Может ли чувство вины быть любовью? Вряд ли. Иначе бы не раздражала меня озабоченность: зайти к ней вечером, вывести погулять на проспект. Мы сидели допоздна в парке, обнимались и целовались, но я все время мучился, что делаю недозволенное.

Раньше, выйдя ватагой на проспект, мы грезили себя только что вернувшимися на берег матросами. За нашими спинами – дальние земли. Мы загадочно поглядывали на проходящие парочки глазами, полными обещания, а, в самом деле, чертовски им завидовали.

Но вот я – по другую сторону, и гуляем вдвоем, и я завидую ватагам, шумно катящимся мне навстречу: у них-то еще все впереди. А я-то, я – и никто, главное, не обязывал, сам – головой в петлю.

* * *

Как-то встретил вечером Светлану. Она неслась по влажному после дождя асфальту, театрально покрытому желтыми листьями, неслась впереди цыганских своих волос и длинного зеленого пальто, независимо и в то же время призывно поглядывая на встречных мужчин. Увязался за ней, и она, щурясь на меня, всем видом давала понять окружающим, что я за ней увязался. После дождя вечерние огни подрагивали свежо и прохладно. Света болтала без умолку, не глядя на меня, а словно обращаясь к прохожим. Протянула капризным голосом:

– Про-о-голода-а-алась!

И мы сидим за столиком кафе, на свету и шуме. Мелькают явно знакомые лица. Светлана не может усидеть, вертится, кому-то машет пальчиками, небрежно поглядывает на меня:

– Не боишься?

– А что?

– И не знаешь? Пропащий ты человек. Нина по правде тебя любит.

– Хо.

– Ты мне начинаешь нравиться. – Она откидывается на стуле, смеется, показывая белые зубы, потряхивает волосами. Оборачивается, кому-то грозит, хмурится, кусает губы, снова кому-то машет растопыренными пальчиками, вдруг замирает – не мигая, глядит мимо меня, уставившись в одну точку.

– Ну-ну, – говорю, – так я тебе начинаю нравиться?

– А Нинка, – говорит она, – по правде тебя любит.

Вскакивает, обдавая меня ветром зеленого своего пальто, быстро идет между столиков, покачиваясь, бросая во все стороны взгляды, оборачивается, так, что натыкаюсь на нее, оглядывает всех, говорит:

– Влюбиться тоже, что ли, – смотрит на меня без всякого интереса. – Прощай! – выбегает в ночь.

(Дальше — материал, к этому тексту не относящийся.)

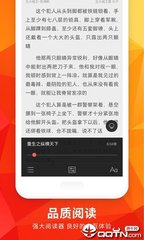 华体汇app官网-华体汇app下载手机版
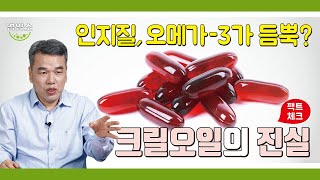 건강에 좋다고 인기 끌었던 빨간색 크릴오일! 정말 효과 있을까?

Дело серьезное, да как быть? Нина-то по правде…

* * *

Можно позавидовать, как легко Витёк, лоснясь улыбкой во все стороны, катится по жизни. Закатится к нам в комнату, и до отупения режутся с Кухарским в подкидного, переговариваются, как будто меня нет.

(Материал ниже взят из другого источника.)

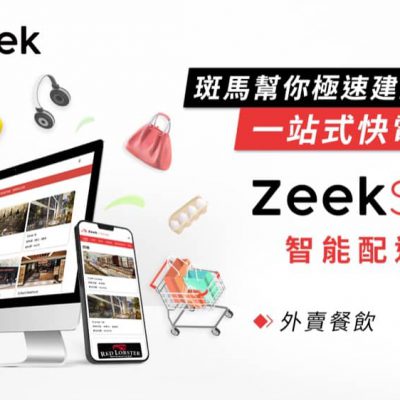 ZeekStore 餐飲及生活零售品牌：訂餐優惠碼大放送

– Да не будет! Сам подумай: картишки и «Илиада». Видишь, спит над ней. Она у него вместо снотворного.

– А любоф, – хихикает Витёк, – куклу его видел? Встряхнуть надо, книзу головой нагнуть, может и скажет «Ма-ма». Не захочешь – уснешь.

Что он знает про Нину, трепач, лишь бы языком почесать. Лениво огрызаюсь:

– Заткнись.

– Ишь, как даму защищает, – говорит Кухаре кий, не отрываясь от карт. Витёк хихикает:

– Даму? Какая дама? Дура набитая, выкатит на тебя глаза..

– Заткнись, – бросаюсь к нему, получаю – кулаком в нос, ошеломленно гляжу на свои ладони в крови, бью его в подбородок, Витёк падает, ударяется головой в угол койки.